A known route, such as a journey by train, appears to jump unpredictably between base stations, according to the recorded data, making it very difficult to pinpoint the location from this source alone. GPS data, meanwhile, is only available to phone operating-system providers and apps with which customers have agreed to share the data.
The O2 Czech Republic data-science team wanted to use records of contact between SIM cards and base stations to segment its customers based on their patterns of movement, but it also wanted to use the data to improve network performance.
Having grappled unsuccessfully with these problems, the team turned to Word2vec, developed by researchers led by Tomáš Mikolov at Google, to find out if it could reveal the locations of those base stations from raw network data without additional tagging or interpretation.
Word2vec is a group of machine-learning models that express words as vectors, typically in 100 or more dimensions, based on analysis of a corpus of data, such as the text from Wikipedia.

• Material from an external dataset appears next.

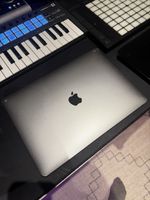 MacBook Air 13 M1 – 8 GB / 256 GB – inkl hülle & tasche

The process produces word embeddings, which data scientists can manipulate to create linguistically meaningful abstractions. For example, the vector of 'Queen' is almost equal to 'King + Woman – Man'.

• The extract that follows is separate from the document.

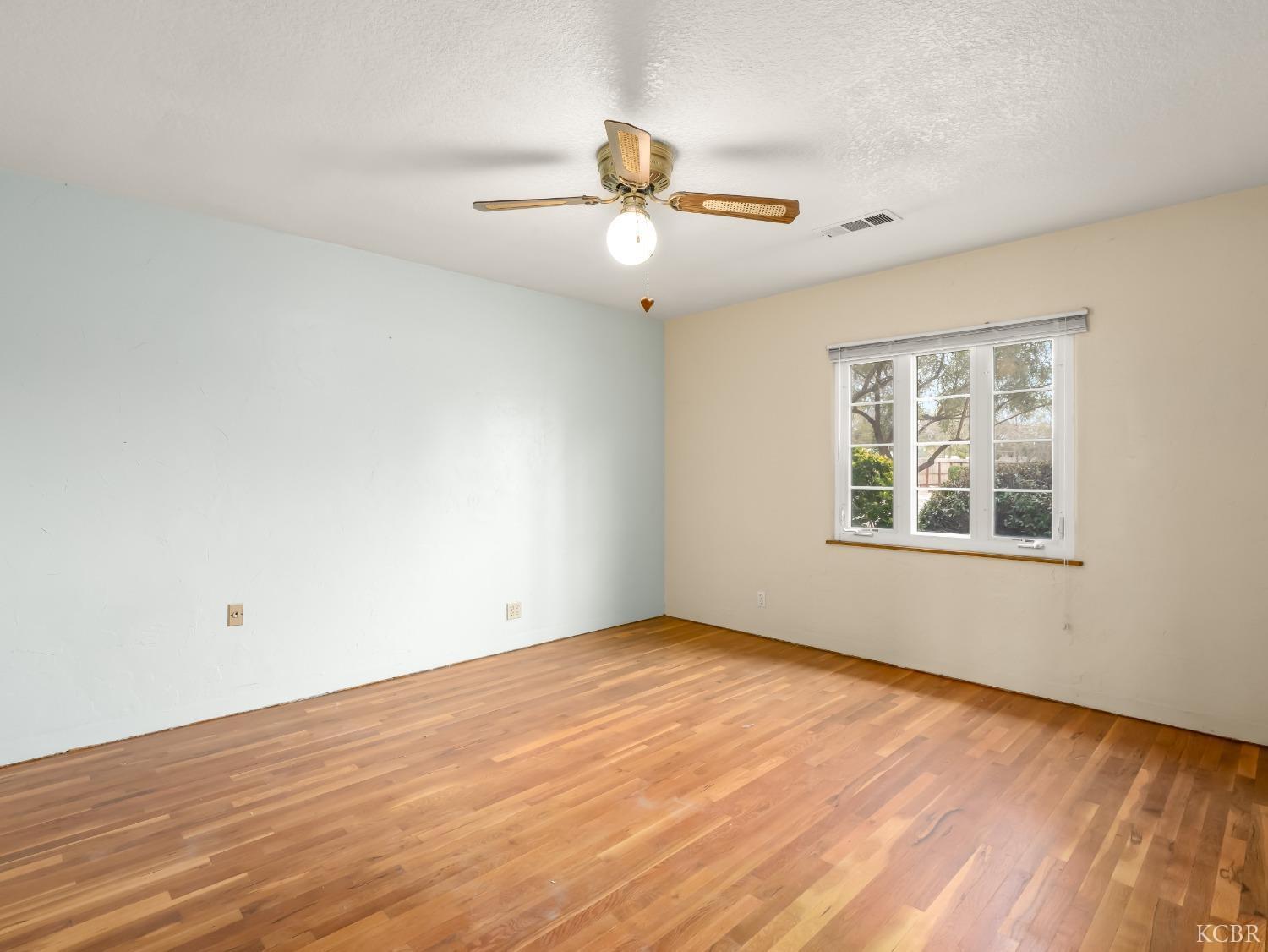 403 W Grangeville Blvd, Hanford, CA 93230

The technique is not normally used outside natural-language processing. But O2 Czech Republic's data-science team thought it might help interpret the corpus of data it collects from SIM cards connecting to base stations.
"We used absolutely no other information; just plain text of the cell ID tokens," Romportl says.
The team used Word2vec for each cell, creating a 100-dimensional vector for each of the 50,000 cell IDs. The problem was then to reduce the number of dimensions to produce a meaningful interpretation of the data.
Having read research published in 2018, one data scientist on the team suggested a new algorithm called Uniform Manifold Approximation and Projection for Dimension Reduction (UMAP).
"We had no idea how it worked. We just took the default parameters we needed to reduce 100-dimensional space to a 2D space and just did the scatter plot," Romportl says.
"It was the best things I've seen in my data-science career. If you flip from the scatter plot to look at the map of the Czech Republic, you can see the reduction was able to create the longitude and latitude coordinates of each tower," he says.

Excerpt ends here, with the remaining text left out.